L’enigma si faceva ancora più complesso e la testimonianza raccolta aggiungeva un nuovo elemento dissonante.

Un lavandino in mezzo al soggiorno?

Cercai subito di riportare alla memoria le immagini del filmato ufficiale girato dalla polizia quella sera. Soprattutto le prime sequenze. Ma non ricordavo alcun lavandino fuori dal bagno. L’unico lavandino che riuscivo a riportare alla mente era proprio quello della stanza da bagno, ma era al suo posto, in mezzo al gran casino.

L’avvocato mi osservava, capiva che stavo frugando negli angoli della memoria. Ma, per quanto mi sforzassi, non avrei certo potuto trovare qualcosa che non c’era.

Antonio mi posò una mano sulla spalla e continuò a guardarmi dritto negli occhi: «Vedi, Davide, l’affermazione del lavandino credo sia un elemento fondamentale in questa indagine. Dal momento che, nel video girato dalla polizia quella notte, il lavandino è al suo posto (ovviamente potrebbe anche solo essere stato appoggiato lì), è chiaro che, se quell’uomo nella sua deposizione ha detto la verità, qualcuno quel lavandino lo ha chiaramente spostato. E questo sarebbe un fatto gravissimo. La domanda che mi pongo è questa: perché quell’uomo non dovrebbe dire la verità? Quella sua affermazione, da qualunque parte la si giri, gli crea dei seri problemi. Sia che la ritratti, sia che la confermi».

Vedendolo così deciso, gli chiesi subito: «Cosa può succedere a quel teste se la ritratta?».

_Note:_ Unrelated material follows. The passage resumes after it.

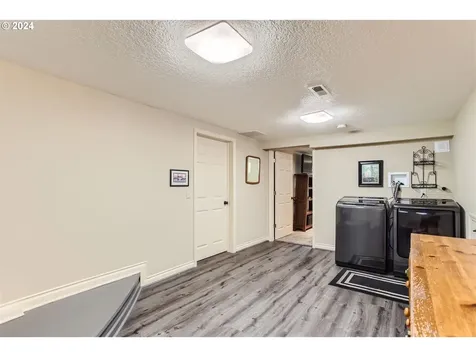 4025 Se 64th Avenue Portland OR 97206
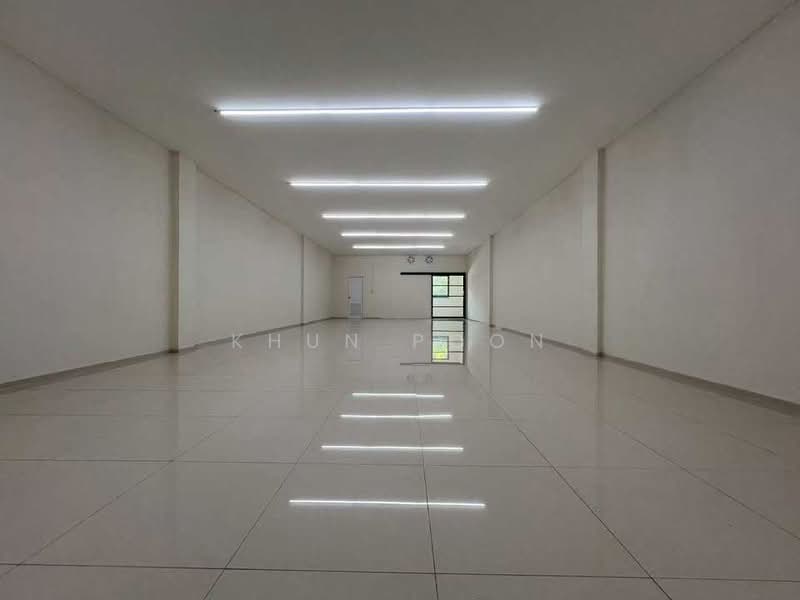 For Rent - For Rent: Warehouse + Office with Cargo Lift, Sukhumvit 103 (SPSSR174), Bangkok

«Gli succede che rischia serie conseguenze!» esclamò Antonio senza nemmeno lasciarmi il tempo di ultimare la frase. «Lo abbiamo registrato davanti a quattro avvocati, tra cui il suo. Le sue parole sono state incise su un nastro e poi trascritte su un foglio che lui ha letto e controfirmato insieme a noi. E bada bene che non ha detto: “Ho visto un lavandino”. Ha detto: “Sono rimasto colpito!”. Colpito nel vedere un lavandino in mezzo al soggiorno. Se uno ti dice così, è perché quell’immagine gli si è stampata bene nella memoria. Uno che dice così è sicuro di quel che ha visto.»

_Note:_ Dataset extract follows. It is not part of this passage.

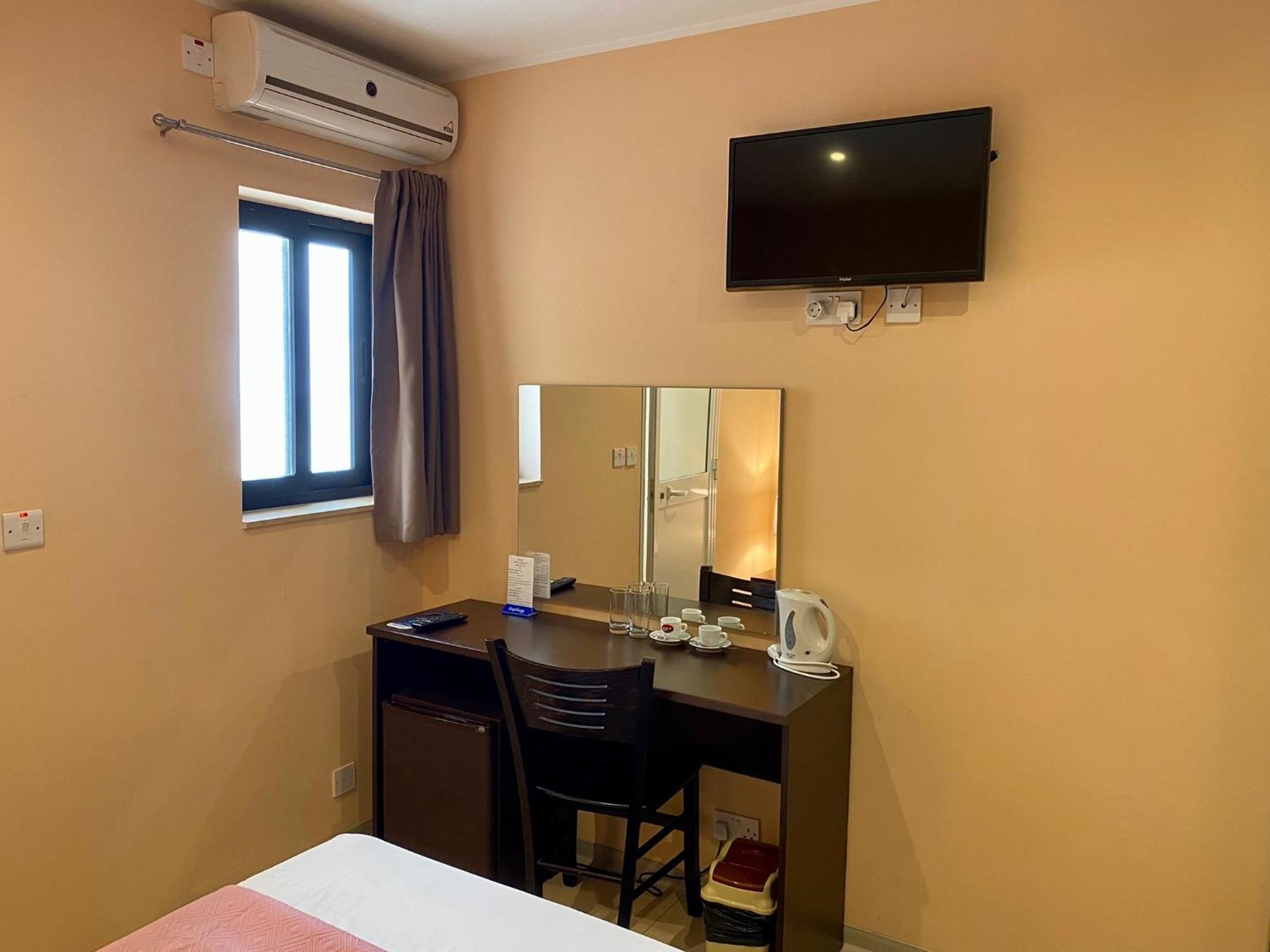 Malta Paradise Central Accomodation Hotel San Ġiljan Kültér fotó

Resta solo da capire chi poi quel lavandino l’ha rimesso al suo posto.

Resta da capire come mai in dieci anni questa testimonianza importantissima non è mai emersa.

La risposta, una volta ancora, è chiara e disarmante: «Nessuno me l’ha mai chiesto» ha riferito il teste. Una frase che getta l’ennesima ombra sul modo in cui all’epoca si svolsero gli interrogatori.

Tra tanti dubbi, l’unica certezza è che in quella scena del crimine nulla è ciò che sembra.